### RECORDS SUPPLIED ###

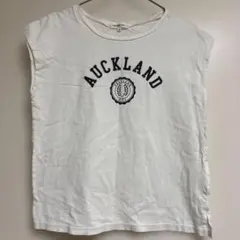 ナチュラルビューティーベイシック　白ロゴTシャツのサムネイル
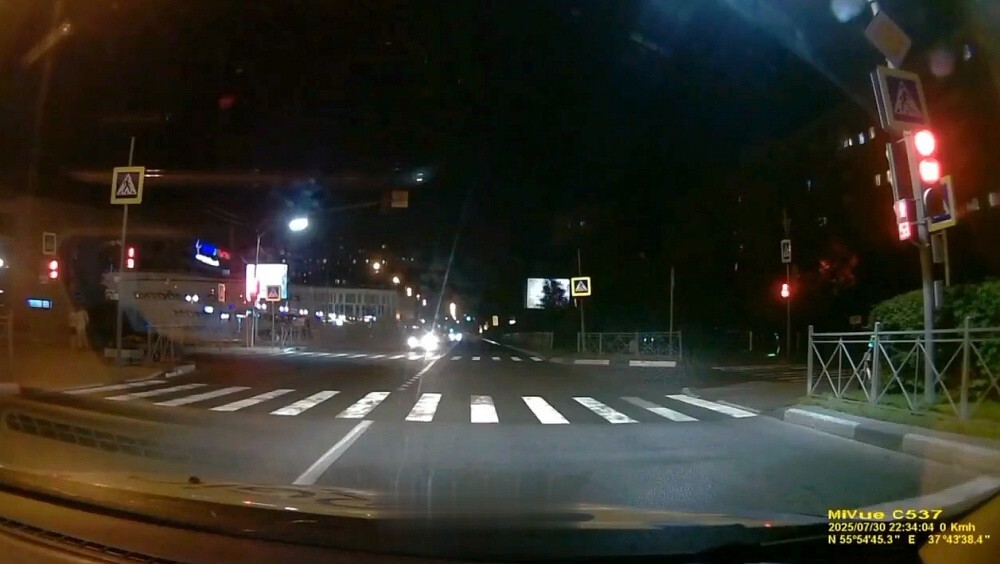 Отлично погонял на заднем колесе!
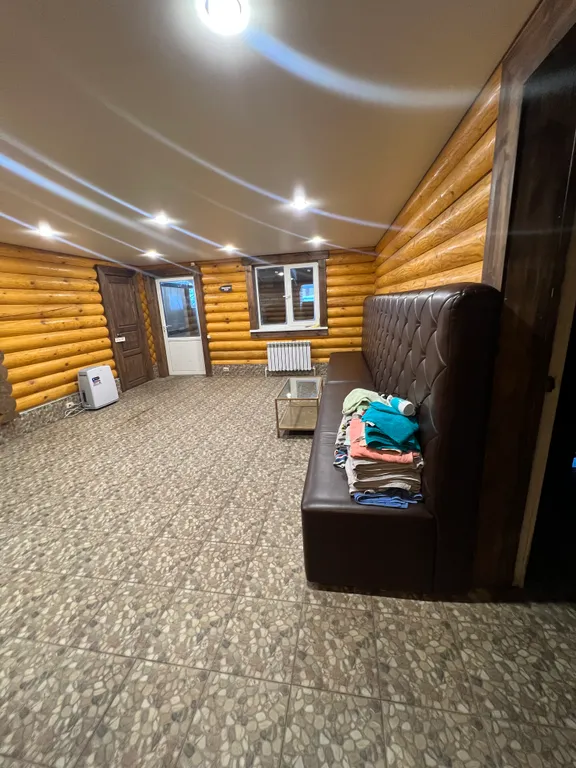 Деревянный дом с бассейном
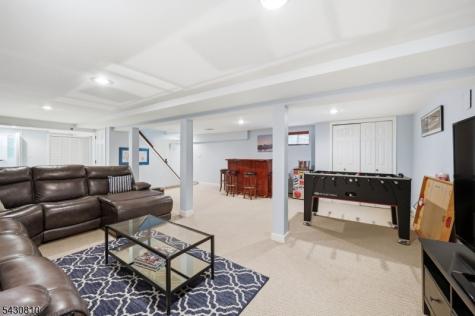 118 Manito Avenue Oakland NJ 07436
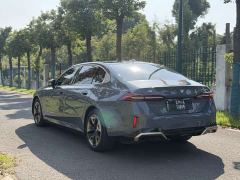 BMW i5 eDrive 35L Premium M Sport Package - ფოტო 6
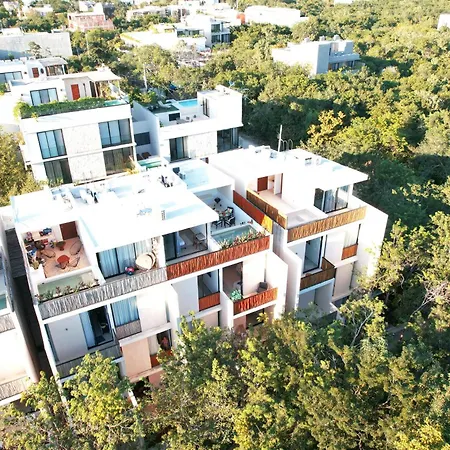 Modern 3br Penthouse W/rooftop Pool *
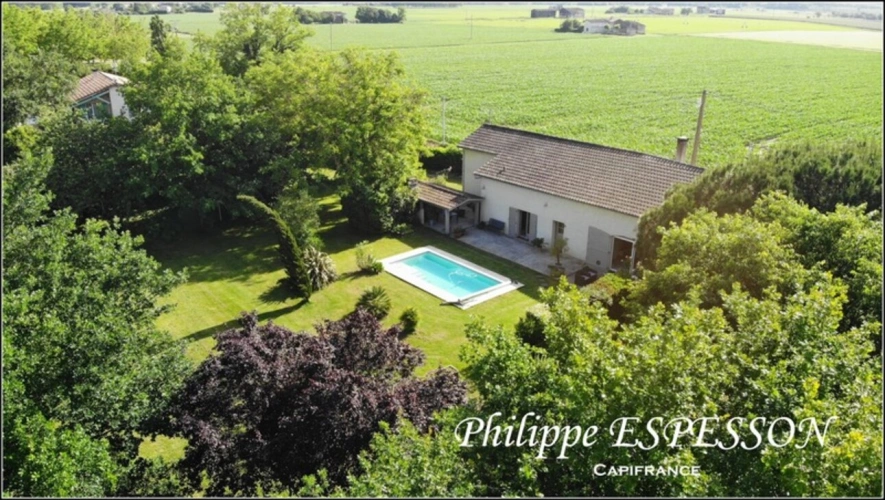 Photos 2 - Prestige - MAGNIFIQUE CORPS DE FERME 205 M2 AVEC UN PARC DE 3000 M2 A FOURQUES SUR GARONNE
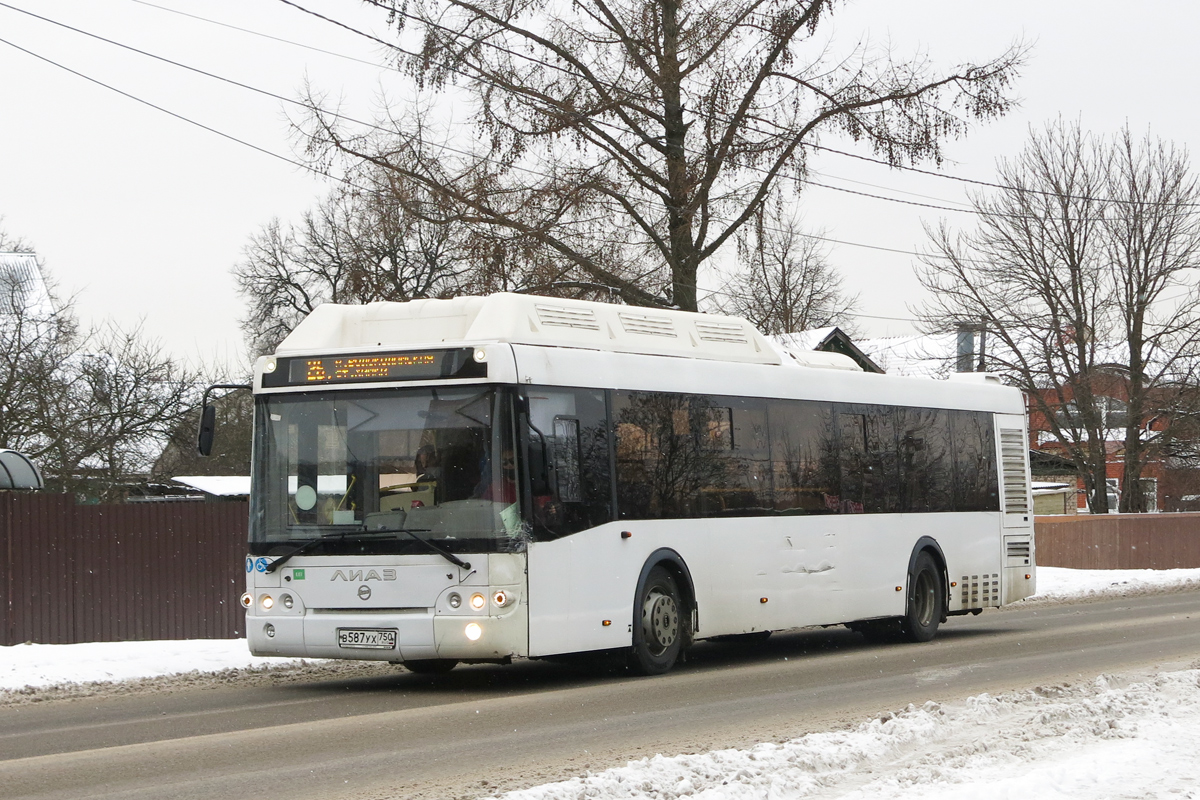 Όμπλαστ της Μόσχας, LiAZ-5292.67 (CNG) # В 587 УХ 750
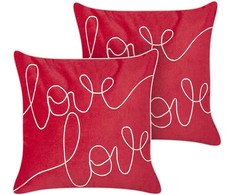Beliani Rinkinys 2 dekoratyvinės pagalvės SIDERASIS Velvet 45 x 45 cm Raudona Su užrašais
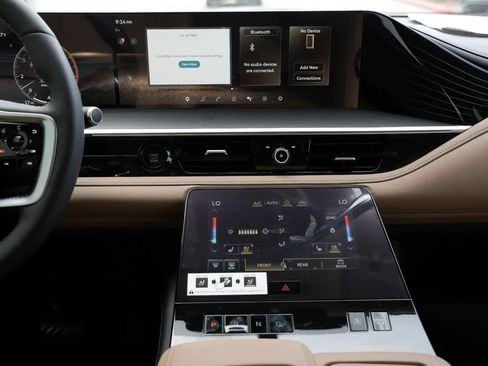 New 2026 INFINITI QX80 Luxe RWD image 13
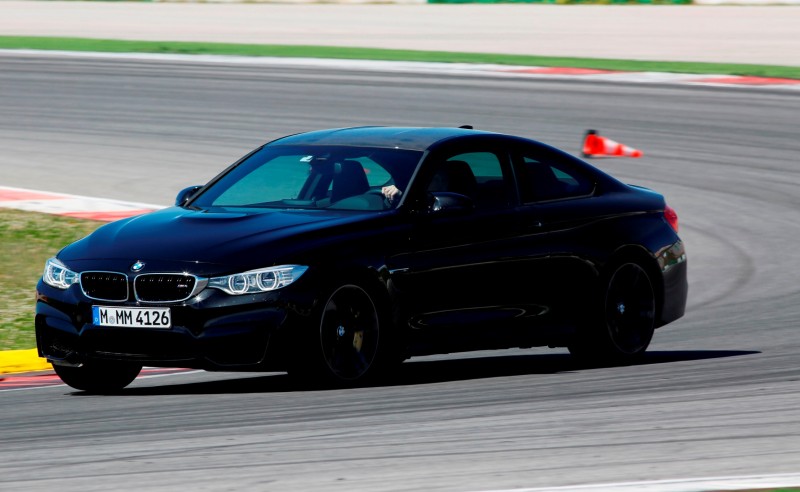 Track Drive Video - 2015 BMW M4 4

###

● TASK INSTRUCTIONS
Output exactly those lines of the data above that run from the line with "118 Manito Avenue Oakland NJ 07436" up to and including the line with "Photos 2 - Prestige". No pictures go in.

● ANSWER BELOW
 118 Manito Avenue Oakland NJ 07436
 BMW i5 eDrive 35L Premium M Sport Package - ფოტო 6
 Modern 3br Penthouse W/rooftop Pool *
 Photos 2 - Prestige - MAGNIFIQUE CORPS DE FERME 205 M2 AVEC UN PARC DE 3000 M2 A FOURQUES SUR GARONNE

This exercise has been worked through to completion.